= Stored records =
◆ ◆ ◆ ◆ ◆
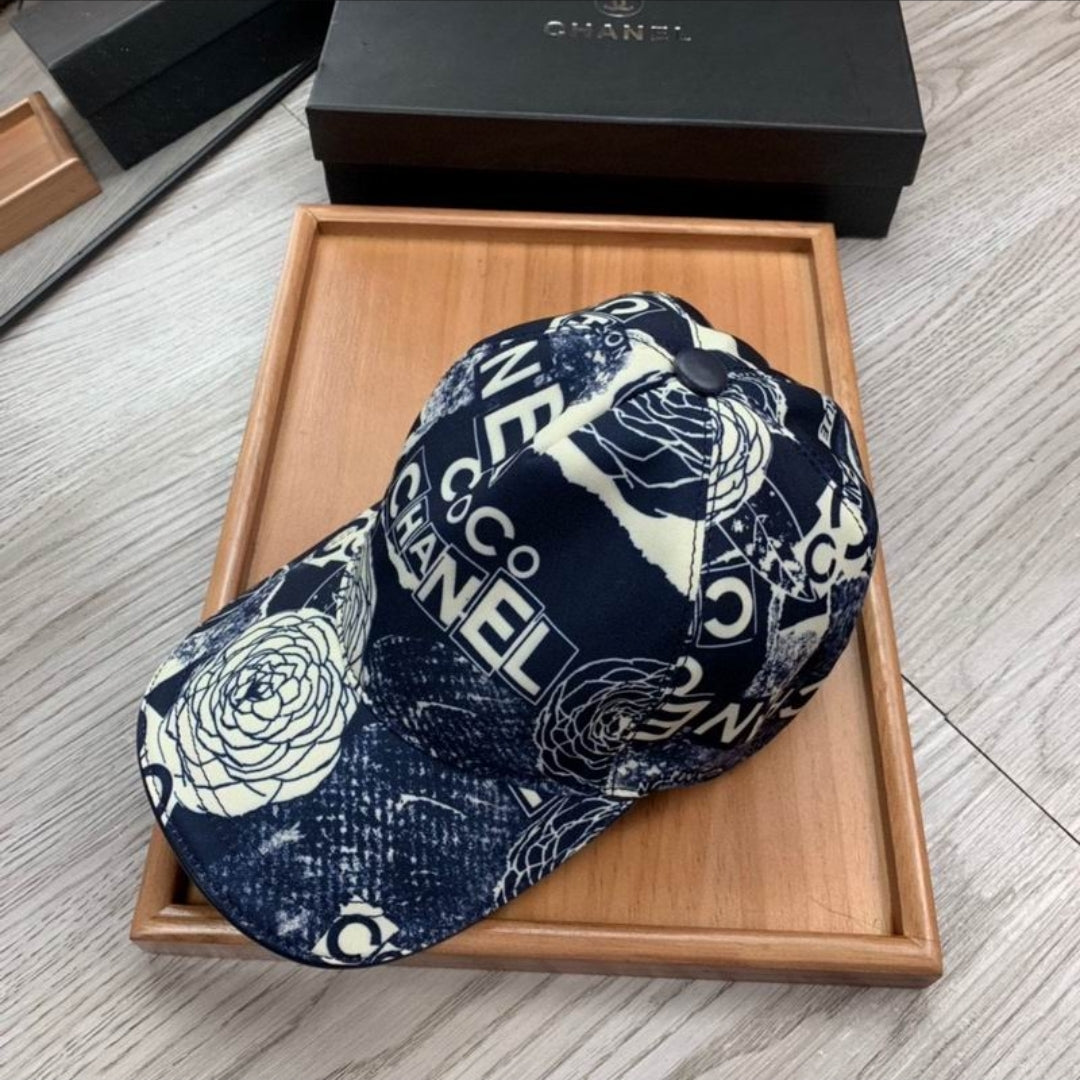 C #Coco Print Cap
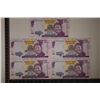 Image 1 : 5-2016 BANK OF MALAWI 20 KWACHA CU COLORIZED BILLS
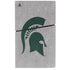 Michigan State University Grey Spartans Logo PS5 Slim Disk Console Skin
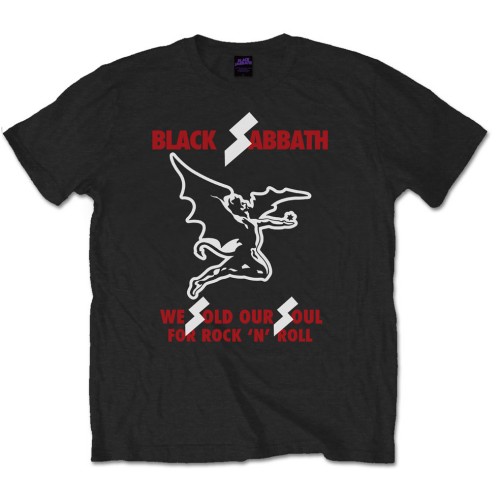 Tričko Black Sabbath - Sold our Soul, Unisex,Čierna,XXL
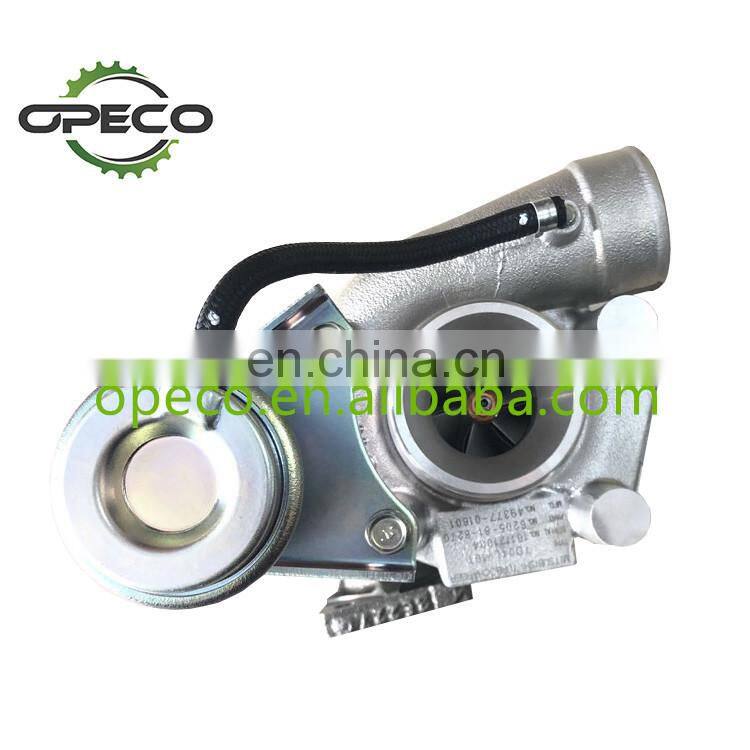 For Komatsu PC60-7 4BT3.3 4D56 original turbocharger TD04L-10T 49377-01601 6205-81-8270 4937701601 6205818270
◆ ◆ ◆ ◆ ◆
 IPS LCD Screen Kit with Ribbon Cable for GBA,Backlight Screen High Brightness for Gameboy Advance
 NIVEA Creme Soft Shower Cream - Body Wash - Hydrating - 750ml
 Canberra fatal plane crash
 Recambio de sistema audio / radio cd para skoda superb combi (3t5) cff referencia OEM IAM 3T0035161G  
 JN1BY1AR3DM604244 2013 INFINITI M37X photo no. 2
◆ ◆ ◆ ◆ ◆
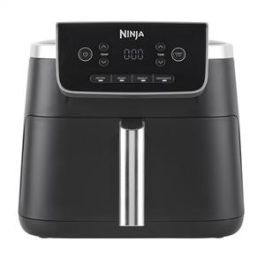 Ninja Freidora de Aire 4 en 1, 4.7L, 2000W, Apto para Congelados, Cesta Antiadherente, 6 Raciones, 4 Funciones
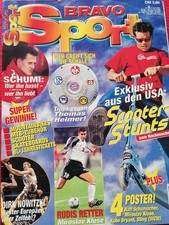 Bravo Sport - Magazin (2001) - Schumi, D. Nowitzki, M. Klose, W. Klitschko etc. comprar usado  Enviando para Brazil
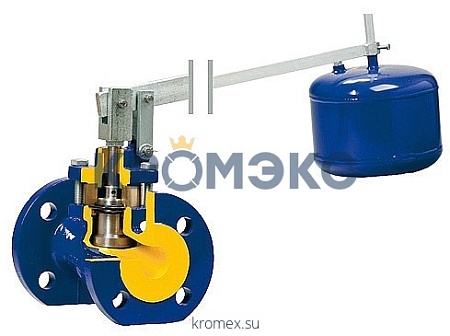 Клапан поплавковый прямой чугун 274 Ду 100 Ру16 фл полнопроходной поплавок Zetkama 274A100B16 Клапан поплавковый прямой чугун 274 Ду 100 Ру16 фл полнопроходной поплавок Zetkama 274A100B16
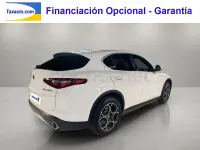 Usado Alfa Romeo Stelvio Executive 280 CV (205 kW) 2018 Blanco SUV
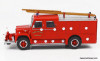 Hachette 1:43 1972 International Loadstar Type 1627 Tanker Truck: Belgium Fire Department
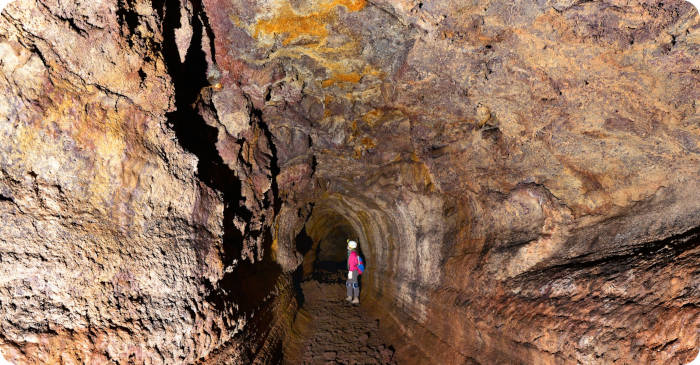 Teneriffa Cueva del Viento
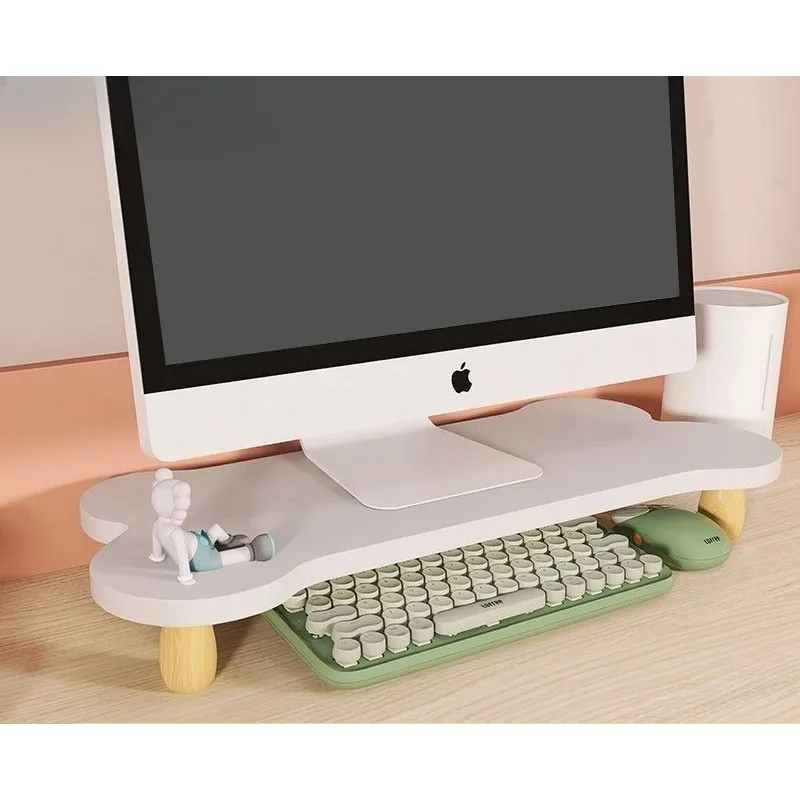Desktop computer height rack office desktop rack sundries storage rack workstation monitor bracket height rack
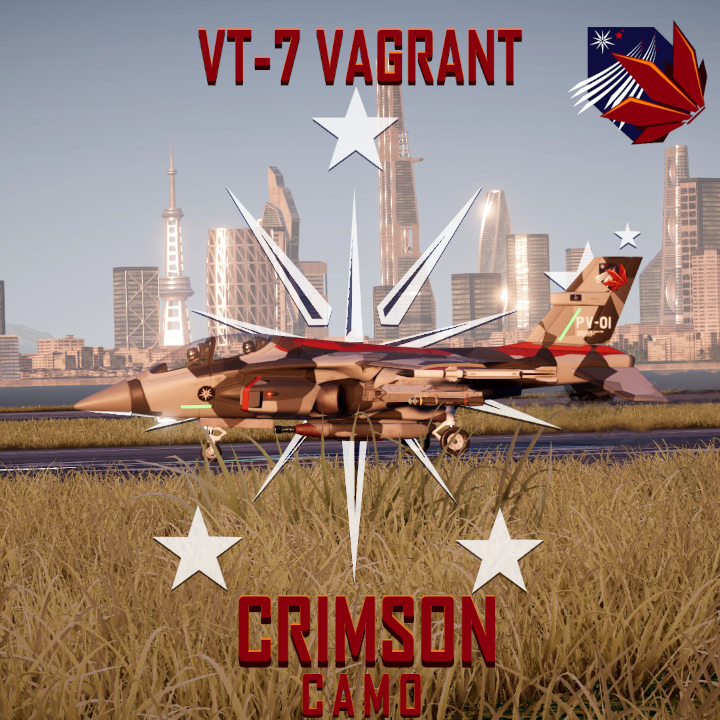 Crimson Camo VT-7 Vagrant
◆ ◆ ◆ ◆ ◆
= Work to complete =
Nothing but the lines from the one with "Usado Alfa Romeo" up to and including the one with "Crimson Camo VT-7 Vagrant" should be printed, exactly as they read above. Please keep the pictures out.

= Response area =
 Usado Alfa Romeo Stelvio Executive 280 CV (205 kW) 2018 Blanco SUV
 Hachette 1:43 1972 International Loadstar Type 1627 Tanker Truck: Belgium Fire Department
 Teneriffa Cueva del Viento
Desktop computer height rack office desktop rack sundries storage rack workstation monitor bracket height rack
 Crimson Camo VT-7 Vagrant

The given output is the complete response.